BEIJING (Reuters) - The need for an EU-China investment agreement is urgent and would be the easiest way for Chinese President Xi Jinping to meet pledges of making China’s economy open to the world, European Commission Vice President Jyrki Katainen said on Monday.
Xi promised $124 billion on Sunday for his new Silk Road plan, which aims to bolster China’s global leadership ambitions by expanding infrastructure between Asia, Africa, Europe and beyond.
China has used the initiative to help portray its economy as open to the world, distinct from a rising wave of global protectionism, as U.S. President Donald Trump promotes an “America First” policy.
Hosting world leaders on the second day of a two-day summit in Beijing, Xi said on Monday that it was crucial for his signature foreign policy and global development plan to “reject protectionism”.
“President Xi has repeated this message several times now, and it is a good sign, and we want to help him deliver. The easiest way to deliver what he has said is to speed up EU-China investment agreement negotiations,” Katainen, the head of the European Union’s delegation to the meeting, told Reuters.
Such an investment deal is “urgently needed” to boost business links between the two sides, Katainen said in an interview on the sidelines of the summit.
China and the EU are set to hold their own summit in Brussels in early June, during which the Comprehensive Agreement on Investment (CAI) currently under negotiation will be a central focus.
Katainen said more Europeans were demanding that China give EU businesses access to its market in the way that EU markets were open to Chinese investment.
“People in Europe are just asking for reciprocity. Nothing more,” Katainen said.
“Something must change now.
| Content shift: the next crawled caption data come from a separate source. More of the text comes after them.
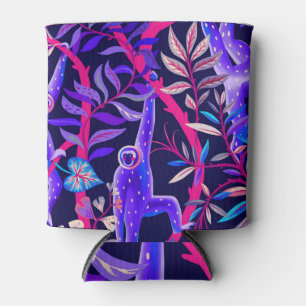 Tropical animals: blue monkeys pattern. can cooler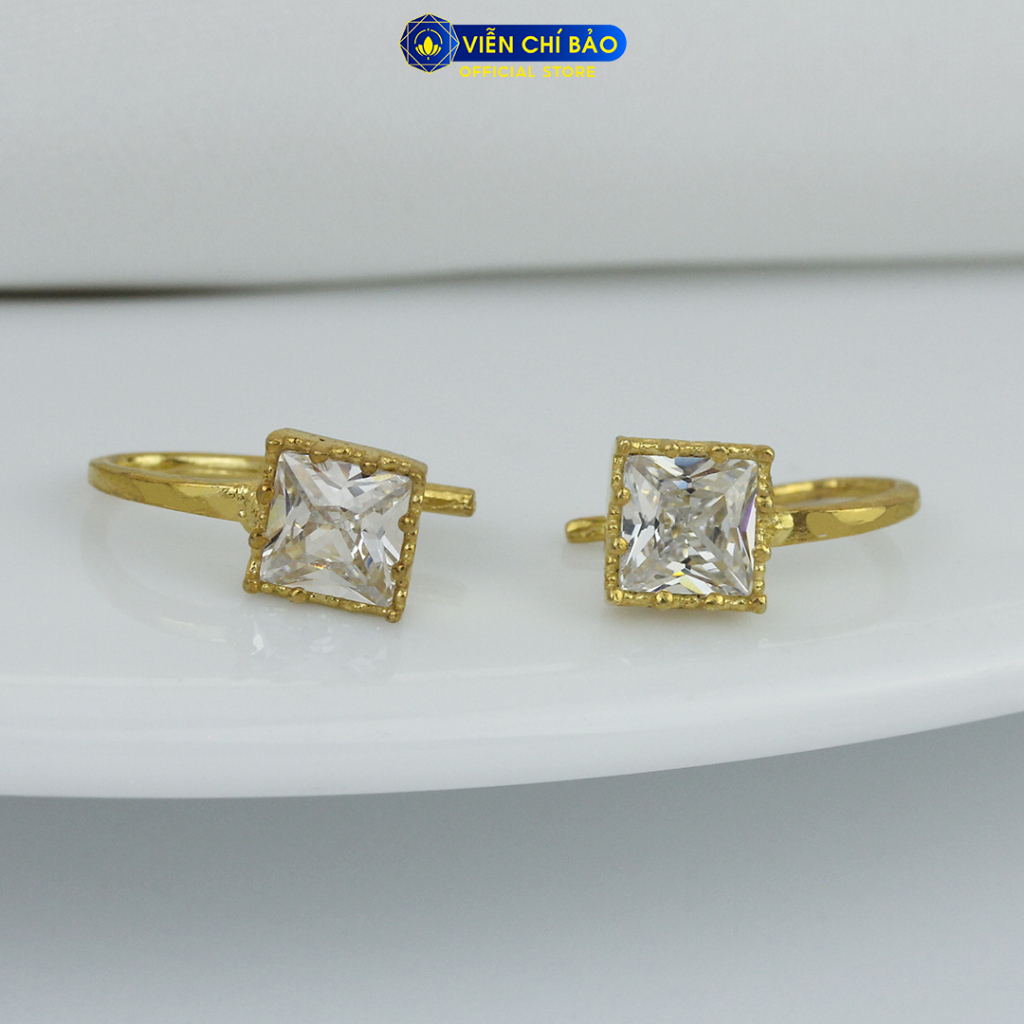 Bông tai bạc nữ đá vuông trắng xi vàng thời trang phụ kiện trang sức Viễn Chí Bảo B400612-V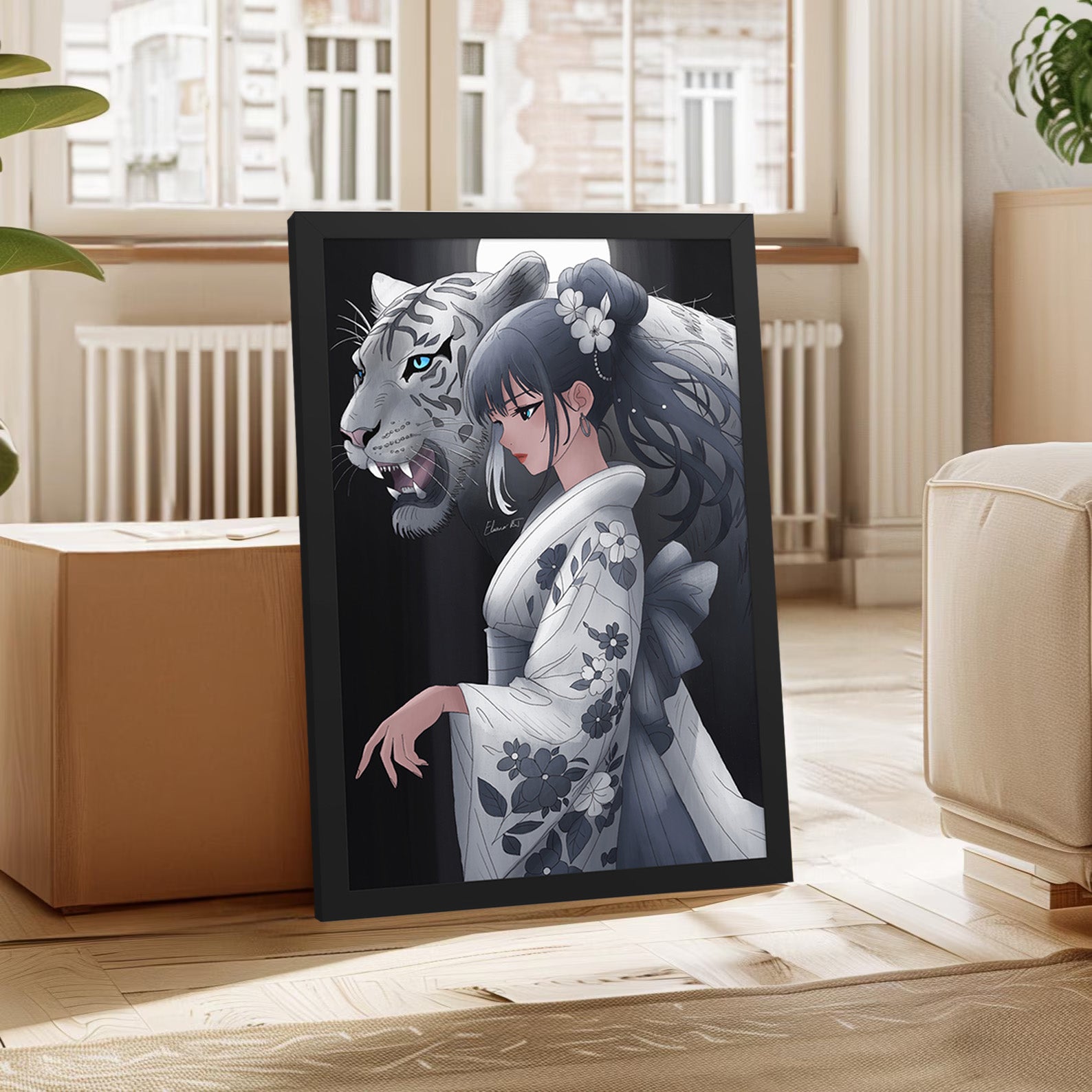 Framed Year of the Tiger Anime Print | Manga Zodiac Astrology Wall Art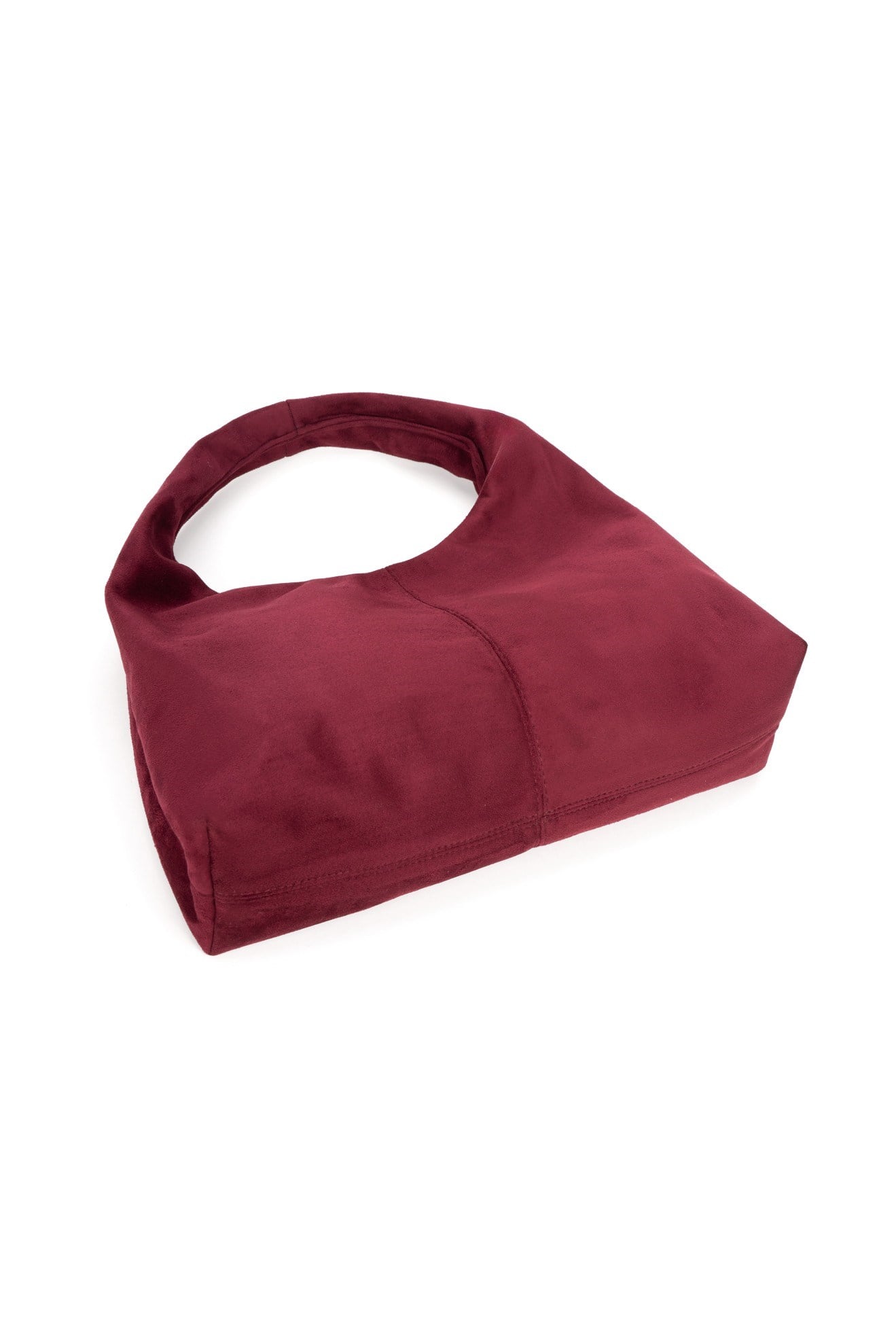 Bordo Süet Kadın Shopper Omuz Çantası – Yumuşak Form Vintage Model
Also, taking into account what President Xi has said, it would be not that encouraging if the (EU-China) summit would not deliver even though the political will has been expressed so directly several times,” he said.
Katainen said Europe wanted to see “concrete, measurable outcomes” from investment talks, adding that he could imagine “results” within a year if Beijing could show strong enough political will to make market access offers.
Despite China’s pledges to remove market barriers, the government has faced increasingly fervent criticism from foreign business groups and governments alike. They say Beijing has done little to address discriminatory policies that favor Chinese companies.